* [Required work] After finding the line with "Bơm màng khí", restate it and each remaining line of the material word for word, omitting every picture.

* [Collected material]
★ ★ ★
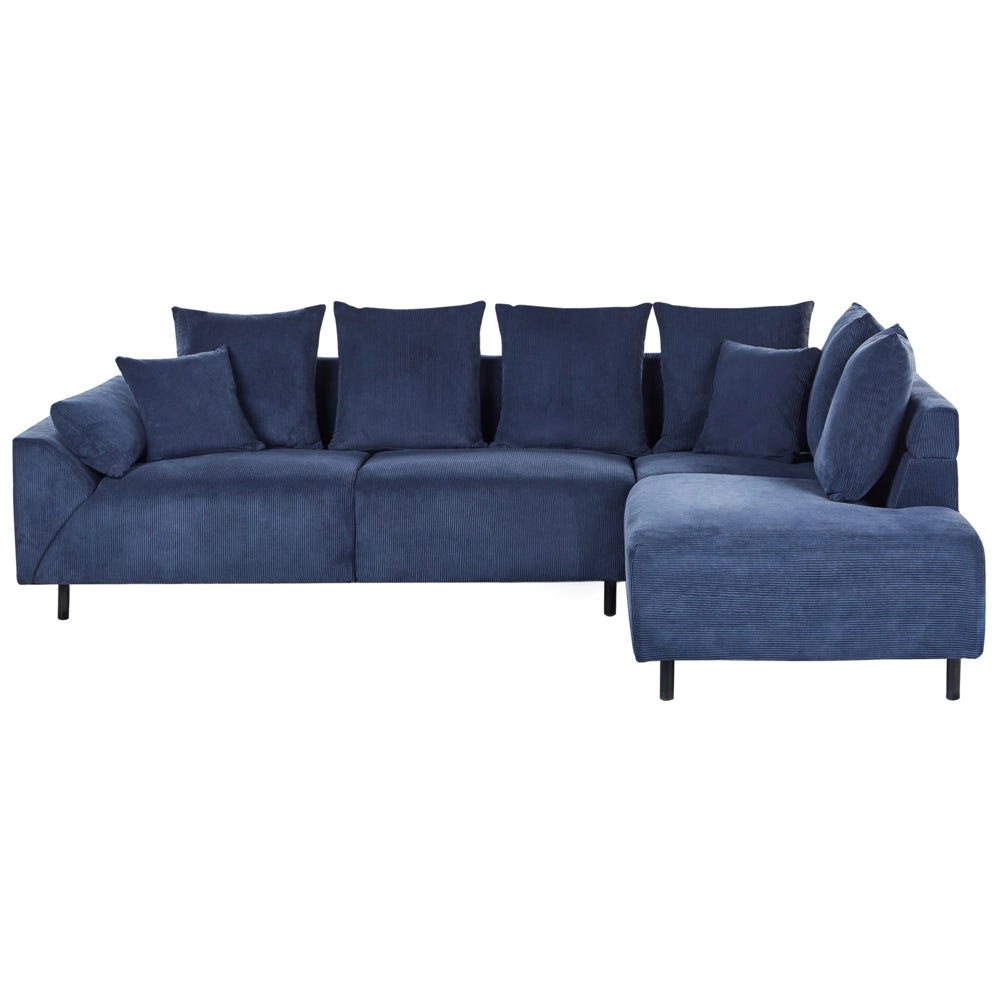 Divano ad angolo in velluto a coste blu e gambe in metallo design retrò stile moderno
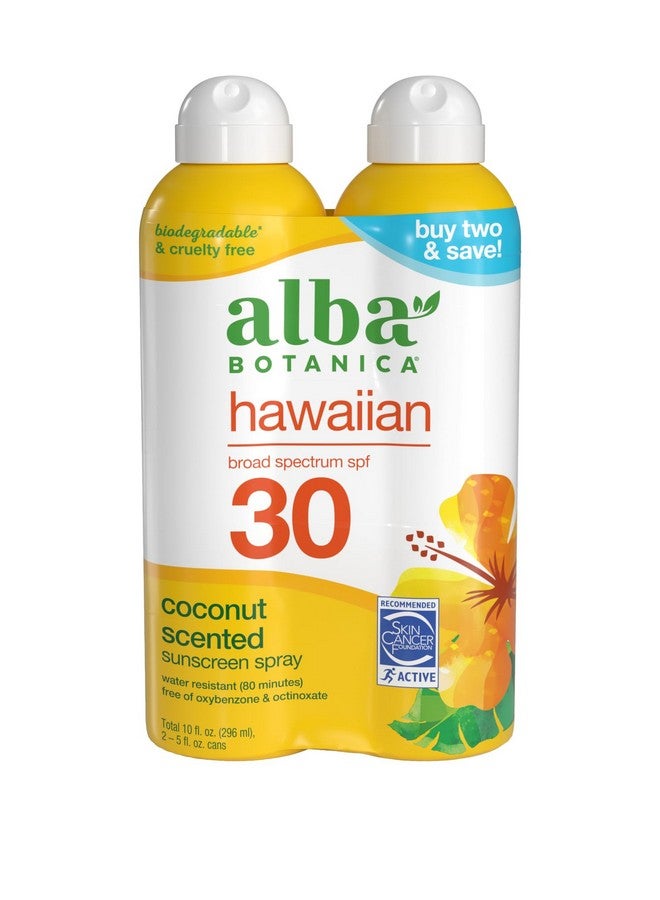 Hawaiian Coconut Sunscreen Spray Broad Spectrum Spf 30 Sunscreen Water Resistant And Biodegradable 5 Fl Oz Bottle (Pack Of 2)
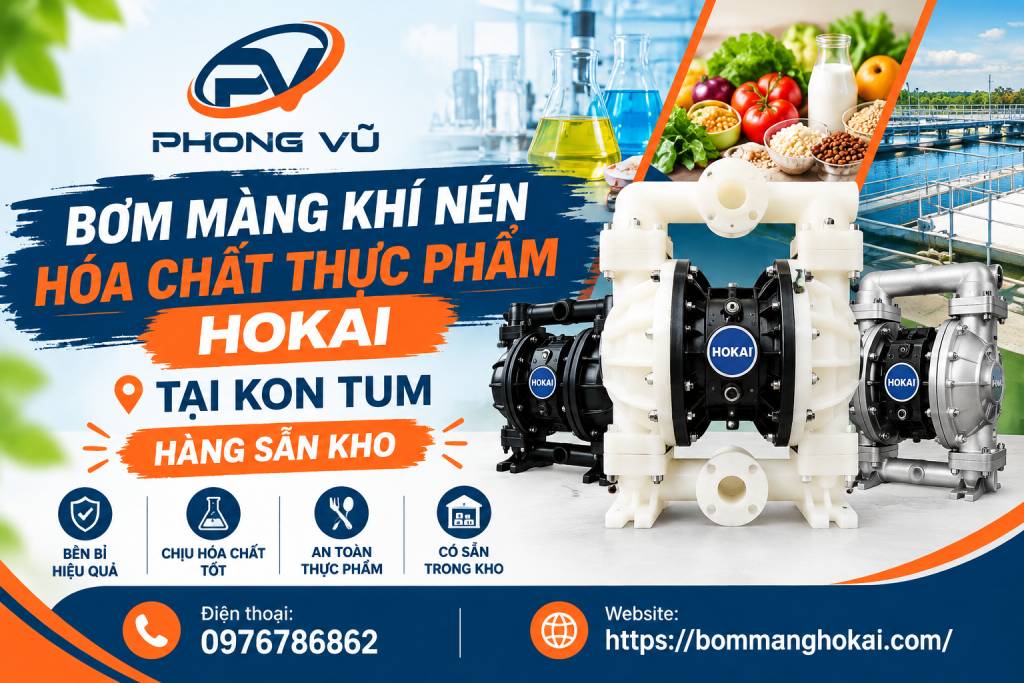 Bơm màng khí nén hóa chất thực phẩm Hokai tại Kon Tum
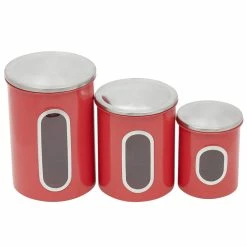 Budget 🌟 Home Basics 3 Piece Stainless Steel Top Canisters with Windows, Red 😀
★ ★ ★
* [Solution]
 Bơm màng khí nén hóa chất thực phẩm Hokai tại Kon Tum
 Budget 🌟 Home Basics 3 Piece Stainless Steel Top Canisters with Windows, Red 😀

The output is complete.